Выбрать главу

В 1950 году Мах переезжает в Варшаву, где заведует отделом прозы в еженедельнике «Нова культура», активно выступая за утверждение принципов социалистической литературы. Принципы эти Мах поддерживал со всей определенностью, отмечая при этом, что они не могут быть чудодейственным рецептом, способным заменить талант и труд, полагая, что верная мировоззренческая ориентация должна дополняться богатством наблюдений, проникновением во внутренний мир человека, в его индивидуальную неповторимость, верностью природе своего дарования, внутренней горячностью, нетерпимостью к фальши и упрощениям. Много сделал Мах в те годы как советчик и друг начинающих литераторов. По свидетельству видного критика Рышарда Матушевского, Мах был «не только консультантом, но прямо-таки заочным университетом для группировавшегося вокруг него большого числа адептов пера».

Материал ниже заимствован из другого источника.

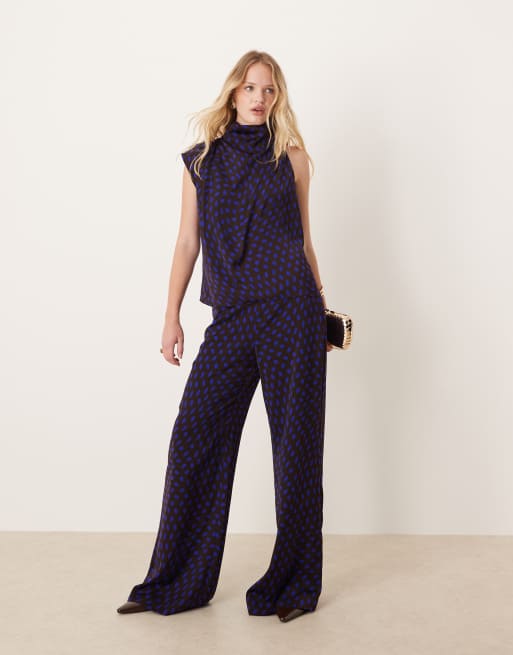 Mango halterneck satin top & trouser co-ord in brown polka dot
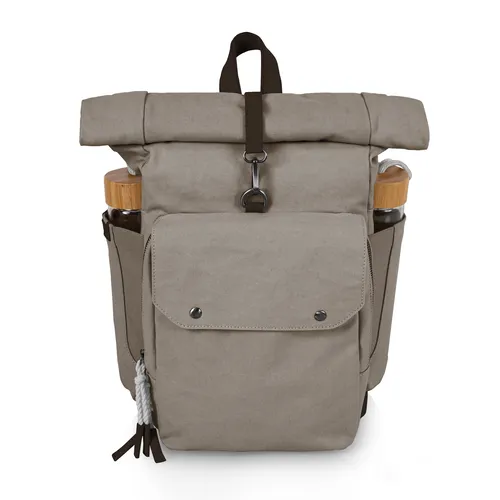 Picnic Time Roll Top Backpack Cooler w/ Utensil Set & Water Bottles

Второе крупное произведение Маха «Дом Явора» (1954) принесло писателю известность не только в Польше, но и за ее пределами (оно вскоре было переведено на русский, украинский, болгарский, чешский, немецкий языки). Книга отразила и особенности нового этапа в развитии польской литературы, и своеобразие писательской индивидуальности Маха, и понимание им новых задач. В какой-то степени она подхватывала начатое в первом романе: предметом изображения снова была «глубинная» Польша (описывается глухая деревушка, куда не так быстро доходят вести из «большого мира»), действие охватывает период от 1942 года до начала 50-х годов.

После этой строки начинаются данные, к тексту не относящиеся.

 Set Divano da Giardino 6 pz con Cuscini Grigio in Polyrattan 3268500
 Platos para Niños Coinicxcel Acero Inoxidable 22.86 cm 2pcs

«Дом Явора» написан проще «Ржавчины», с расчетом на более широкую читательскую аудиторию, и несет в себе разъясняюще-воспитательные функции. Доминирует в книге не психологический анализ, а художественное воспроизведение социального опыта. Мах стремится показать, что внесли описанные им годы в сознание и жизнь польского крестьянина. Задачу эту он решает, стремясь к максимальной конкретности, отражая общие процессы не в повсеместно приложимой типичности, а в реальности именно того объекта, который им описывается. Социальная обусловленность человеческих судеб подается не в образах предельно наглядных, концентрирующих в себе только основное, только классово-историческое, а в сумме сообщаемого об отдельных, неповторимых и разных людях, в гамме различных, сугубо индивидуальных людских сознаний и деяний — и лишь воспринимаемые в целом, в богатой своей конкретности они подтверждают истины самого широкого плана. Утверждая гуманизм, писатель не уклоняется от изображения отрицательных явлений действительности тех лет и их сложности. Он отчетливо разделяет своих героев (причем в итоге уделом одних, положительных, оказывается возвышение, а уделом других — деградация), но разделение это художественно мотивируется симпатиями рассказчика. Не отказывается он от психологической индивидуализации персонажей, только воплощает ее теперь преимущественно в действии, в развитии. Книга оказалась достаточно основательно заостренной против публицистической иллюстративности, схематической заданности, которые сказались в ряде произведений польской литературы рубежа 40—50-х годов, написанных с благими намерениями, но сильно упрощавших изображаемую действительность. В год появления книги Маха об этом начала говорить и критика.